**Problem:** Only an exact copy is wanted: the lines from the one holding "資料圖為建在龍羊峽湖區(qū" through the last line below, minus the pictures.

**Information given:**
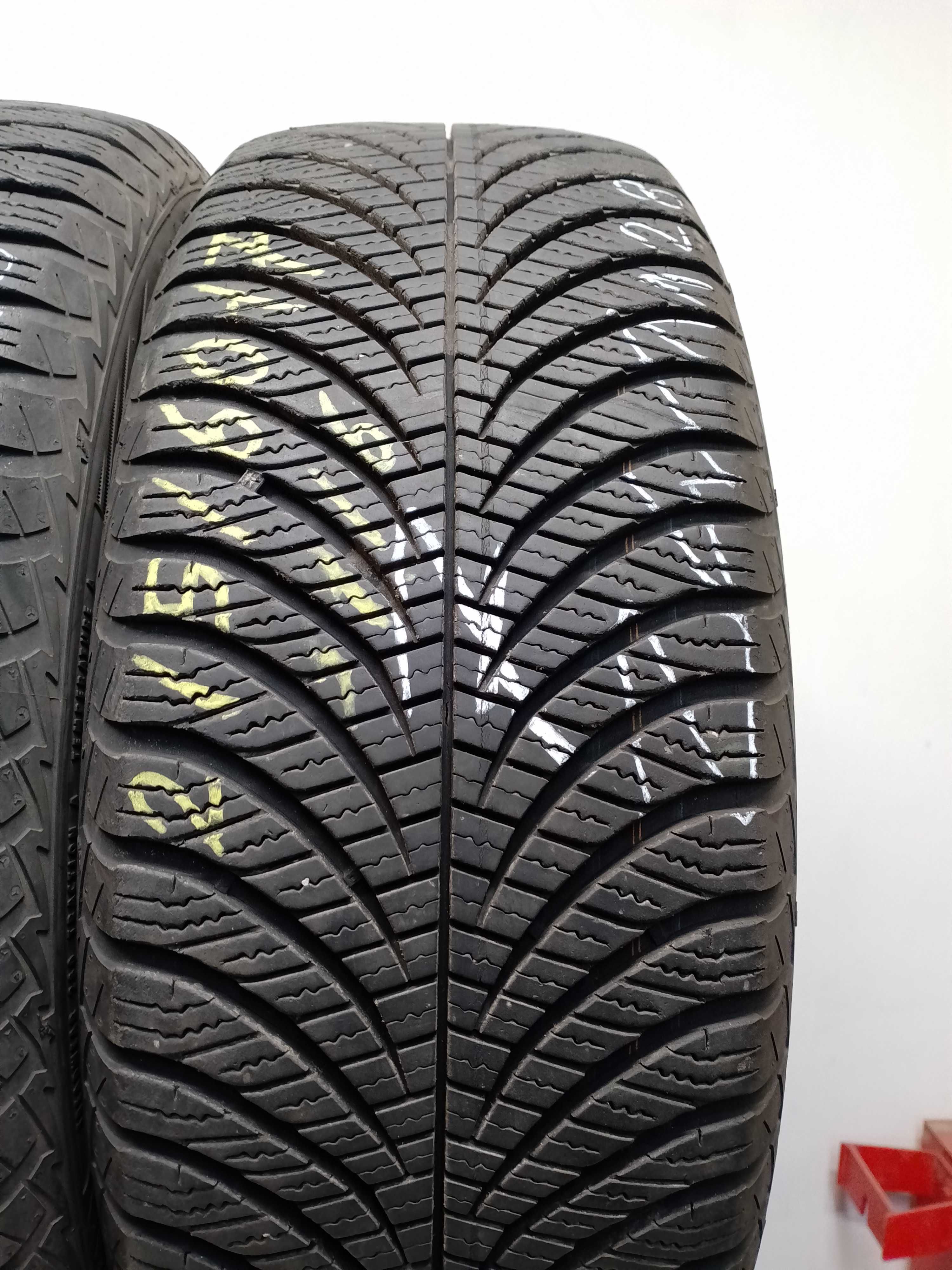 215/60 17 GoodYear Vector4Seasons 3416/3318 Obrzycko Z1128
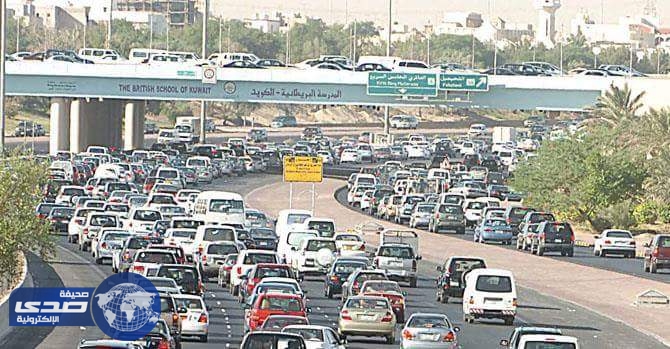 دعوى قضائية لإيقاف سريان وإصدار رخص القيادة للوافدين في الكويت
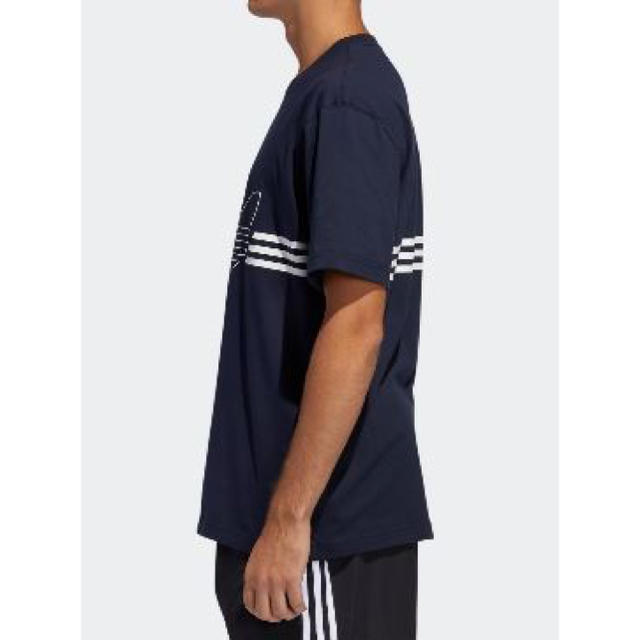 adidas(アディダス)のアディダス　アウトライン　メンズ　Tシャツ メンズのトップス(Tシャツ/カットソー(半袖/袖なし))の商品写真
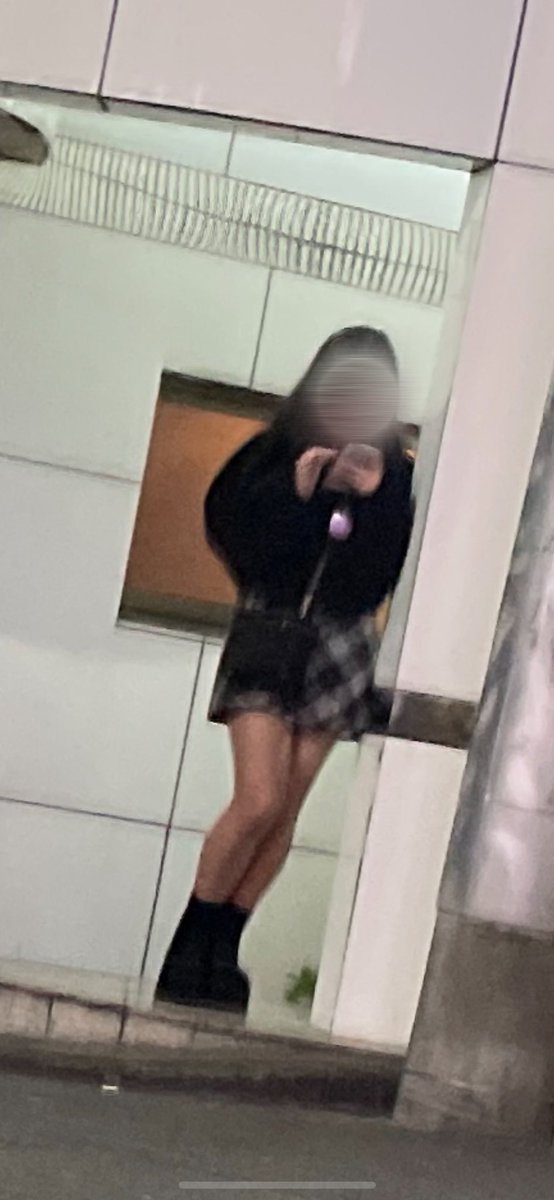 ラピア前に可愛い子が立っていた😊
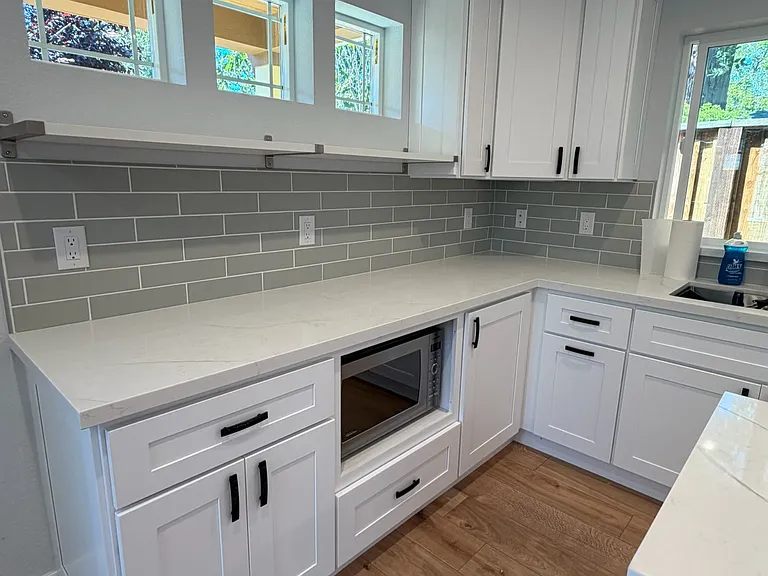 2331 Fairfield Ave #B — Photo 10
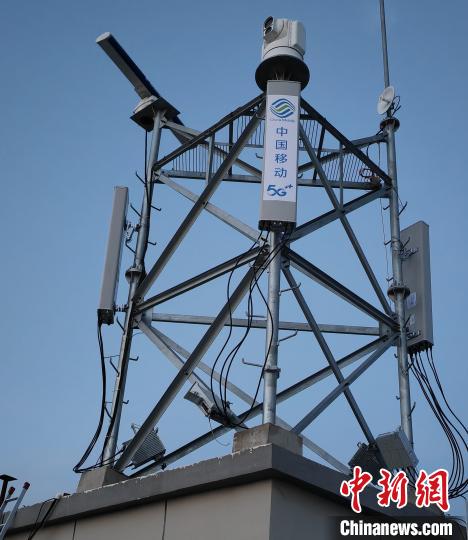 資料圖為建在龍羊峽湖區(qū)內(nèi)的5G基站。　青海移動(dòng)海南分公司供圖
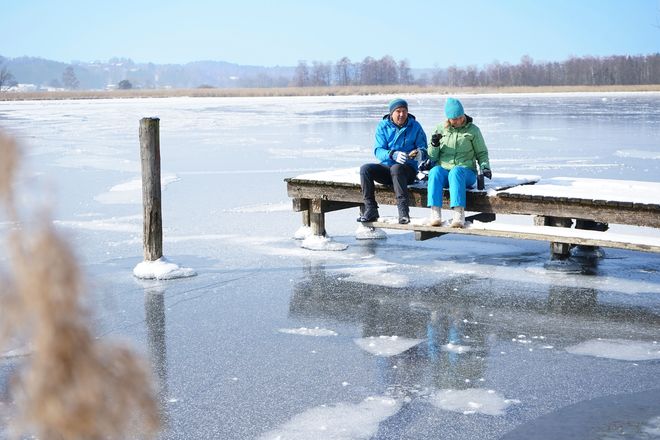 Rast am zugefrorenen Chiemsee: Winterwandern in der Region hat Tradition und ist heute umso mehr beliebt.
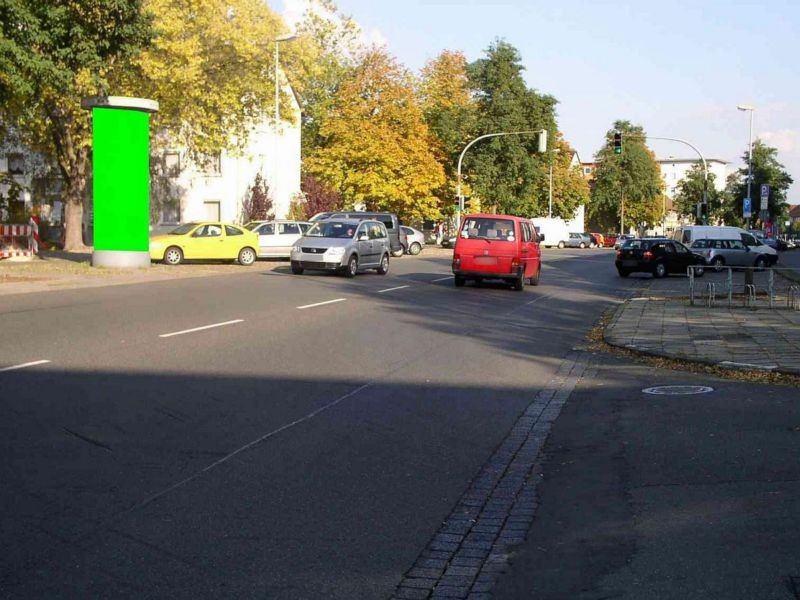 Breslauer Str.  33/Oppelner Str.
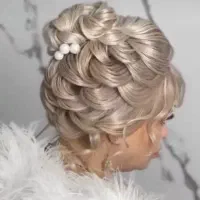 خدمات تخصصی شنیون فقط 300|خدمات آرایشگری و زیبایی|الوند, |دیوار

**Solution for this problem:**
 資料圖為建在龍羊峽湖區(qū)內(nèi)的5G基站。　青海移動(dòng)海南分公司供圖
 Rast am zugefrorenen Chiemsee: Winterwandern in der Region hat Tradition und ist heute umso mehr beliebt.
 Breslauer Str.  33/Oppelner Str.
 خدمات تخصصی شنیون فقط 300|خدمات آرایشگری و زیبایی|الوند, |دیوار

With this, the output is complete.